Doing a basic shell script I'm having trouble with getting the length of a file with curl and later dividing it, and the text:
syntax error: invalid token operator (error token is"
keeps appearing.
Simplified code would be:
head=$(curl -sI $dir | awk '/Content-Lenth/{print $2}')
res=$(($head/3))
I've been reading solutions to similar problems and they said removing the \r that the variable is probably having at its end, so I put this in the middle of the two lines, but the problem is still there:
head=${head//\r}
Any idea why this happens? Is it because of an \r character at the end? If it's the case, how to remove it?
I was able to reproduce your issue, which for me was indeed caused by a carriage return at the end of the value of $head. That arises from the HTTP protocol specification: HTTP uses carriage return / newline sequences as line terminators (like DOS and Windows), and awk will not recognize the carriage return as whitespace.
Your attempt to remove the carriage return ...
head=${head//\r}
... does not serve that purpose.
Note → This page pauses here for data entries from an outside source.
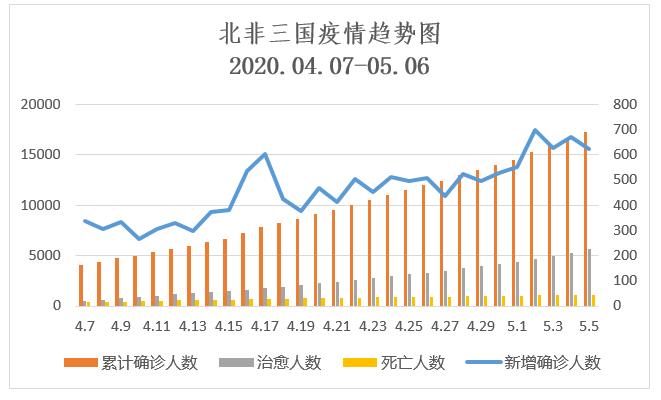 全球战疫观察丨地利之便成防疫之累北非三国疫情道阻且长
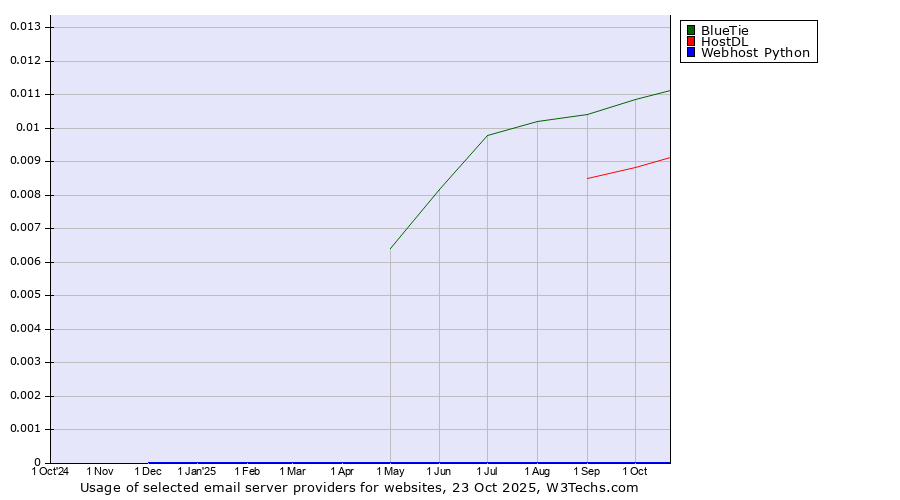 Historical trends in the usage of BlueTie vs. HostDL vs. Webhost Python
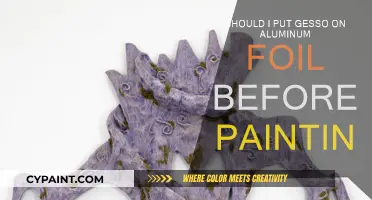 Gesso on Aluminum Foil: Prime Before You Paint?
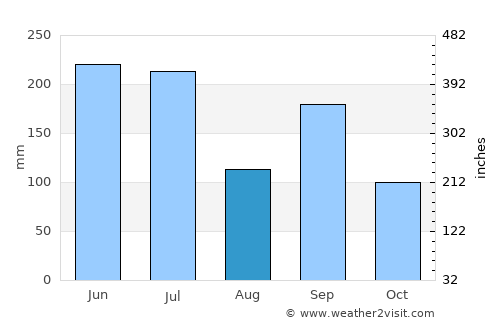 Shinichi average rain in August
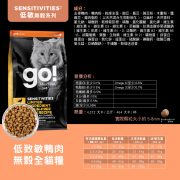 20240304-GO-成分圖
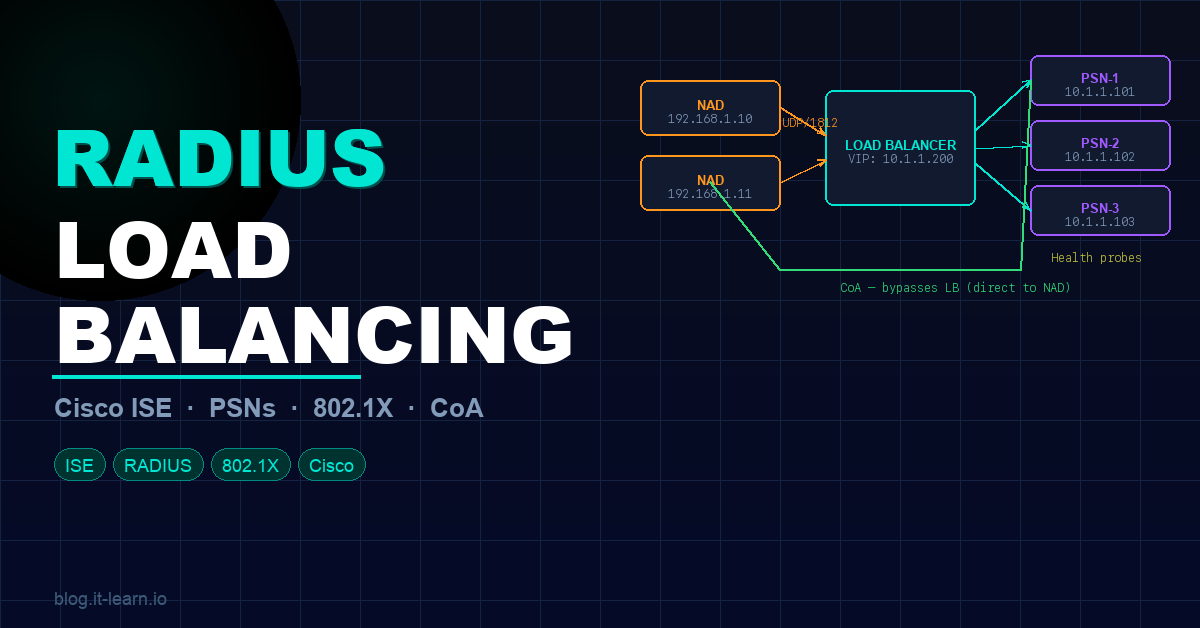 RADIUS Load Balancing for Cisco ISE: The Complete Guide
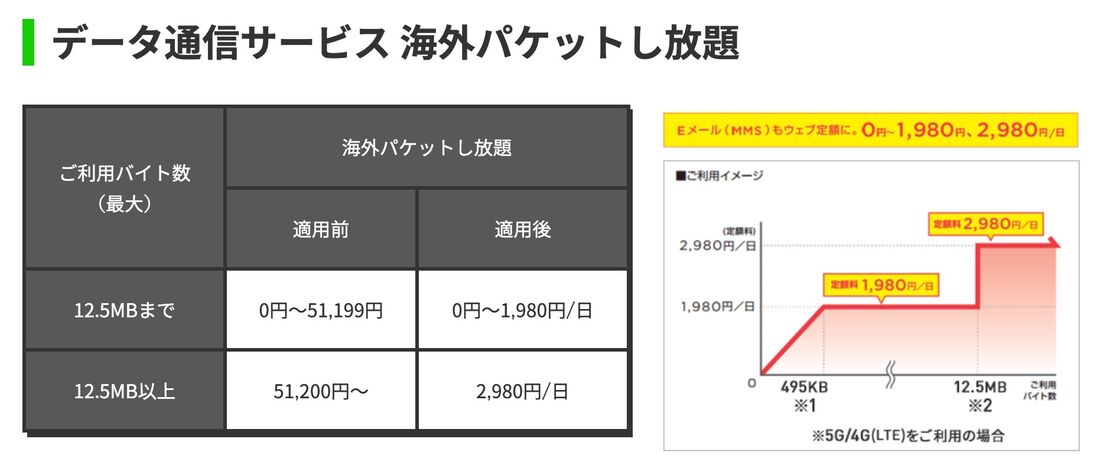 【LINEMO】海外パケットし放題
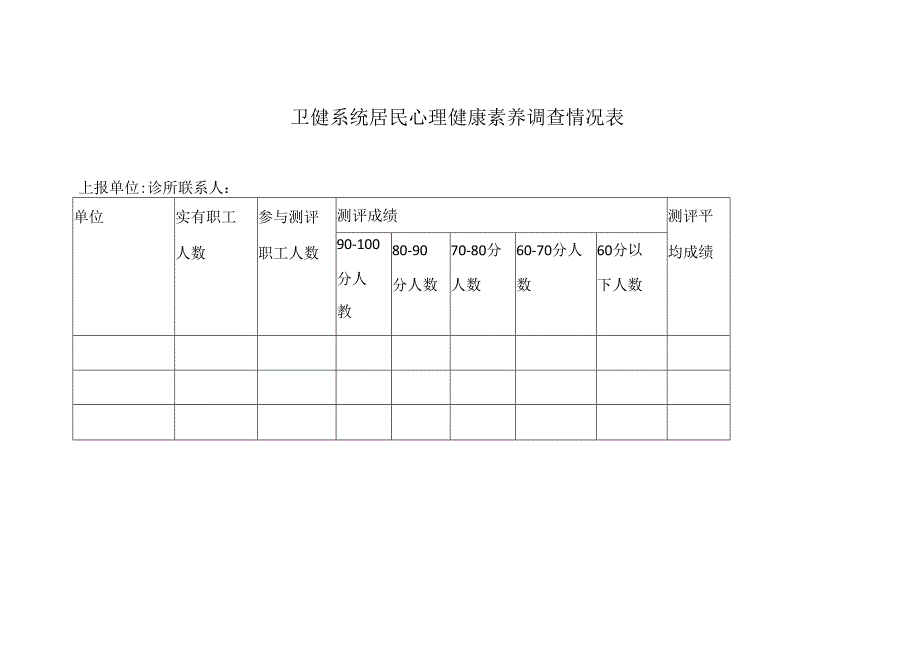 卫健系统居民心理健康素养调查情况表.docx_第1页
The \ is a general escape character to the shell, preserving the literal meaning of whatever character follows. Since the character r has no special significance to the shell, the above code is equivalent to
# Oops, not what you meant:
head=${head//r}
I used this alternative:
# Strip all non-digits:
head=${head//[^0-9]}
, and that resolved the issue for me.
Do also note, however, that
you have misspelled "Length", and
HTTP header names are not case sensitive, but by default, awk regular expressions are. Therefore, your awk command might in some cases fail to match the wanted header even after the spelling is corrected.
Here's a version of your script that addresses all of these issues:
head=$(curl -sI "$dir" | awk 'BEGIN{IGNORECASE=1} /Content-Length/{print $2}')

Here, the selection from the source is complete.